**Recorded information:**
════════

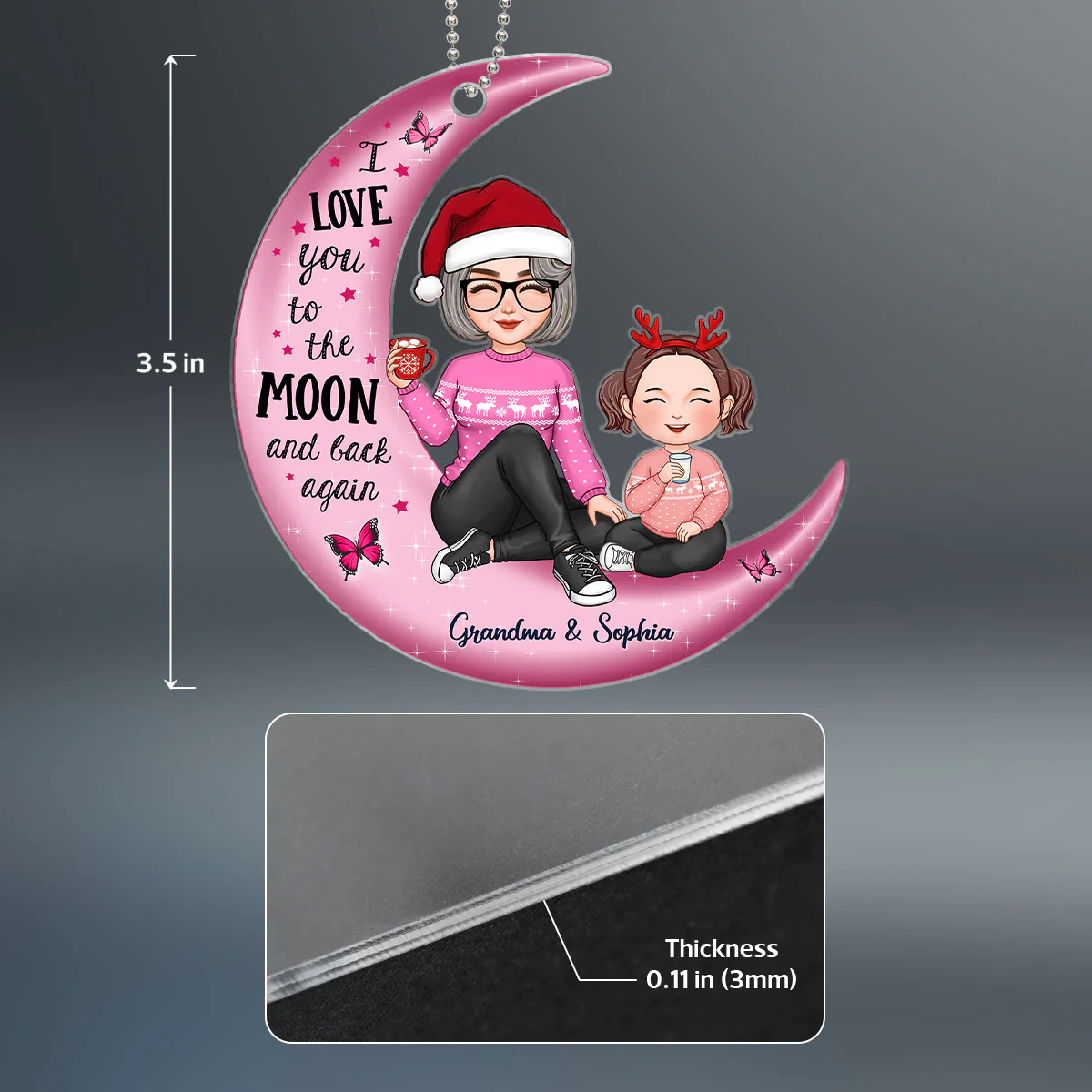 Cute Grandma Grandpa & Grandkid On Pink Moon Christmas Gift Personalized Acrylic Ornament - Image 4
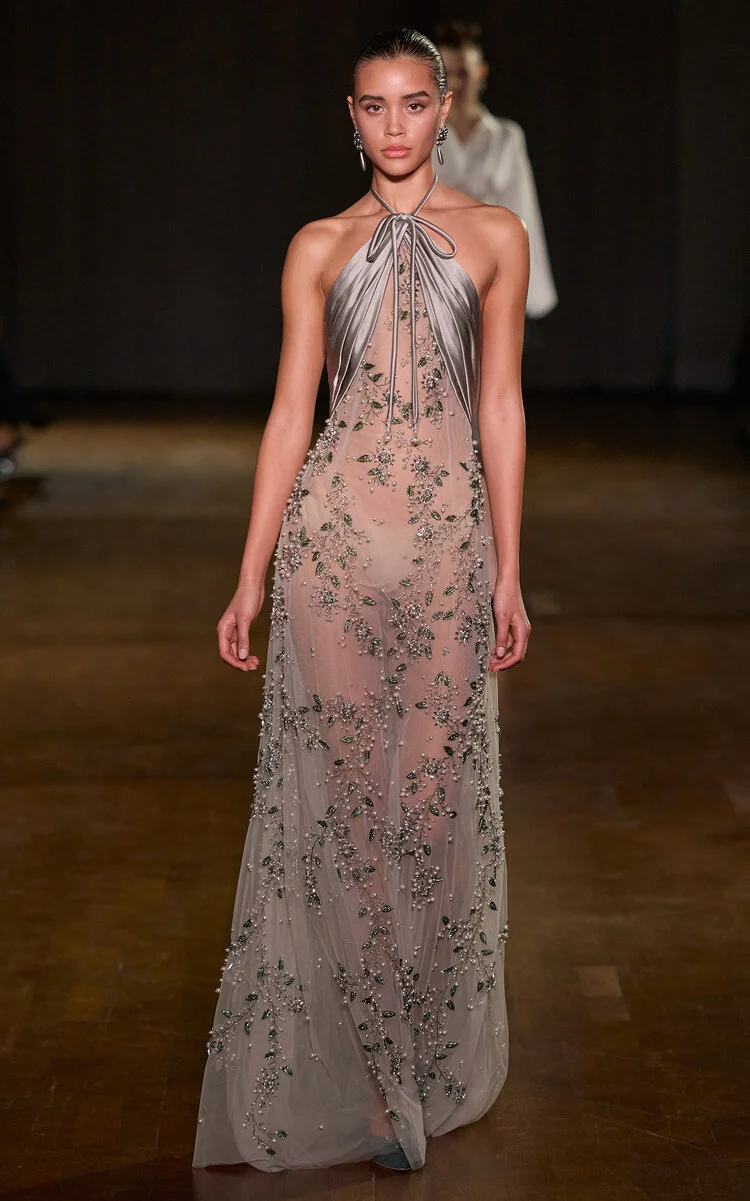 Halter Neck Embellished Maxi Dress grey - 1
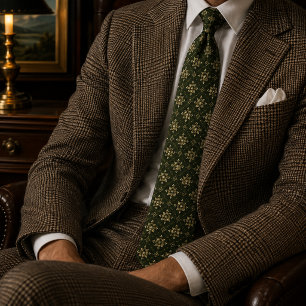 Corbata Estampado de foulard con medallón dorado verde bos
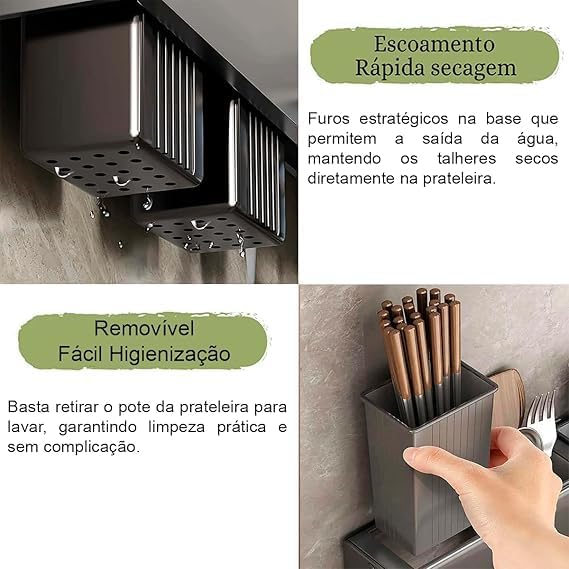 Organizador Multiuso/Suporte de Parede/Porta Utensílios, Talheres e Porta Pano de Pratos com 8 ganchos 50cm, em metal, super resistente, moderno e funcional, sua cozinha muito mais charmosa!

════════

**Work instructions:**
Write the full listing out again with every line unchanged, but include no pictures.

**Result of the exercise:**
 Cute Grandma Grandpa & Grandkid On Pink Moon Christmas Gift Personalized Acrylic Ornament - Image 4
 Halter Neck Embellished Maxi Dress grey - 1
 Corbata Estampado de foulard con medallón dorado verde bos
 Organizador Multiuso/Suporte de Parede/Porta Utensílios, Talheres e Porta Pano de Pratos com 8 ganchos 50cm, em metal, super resistente, moderno e funcional, sua cozinha muito mais charmosa!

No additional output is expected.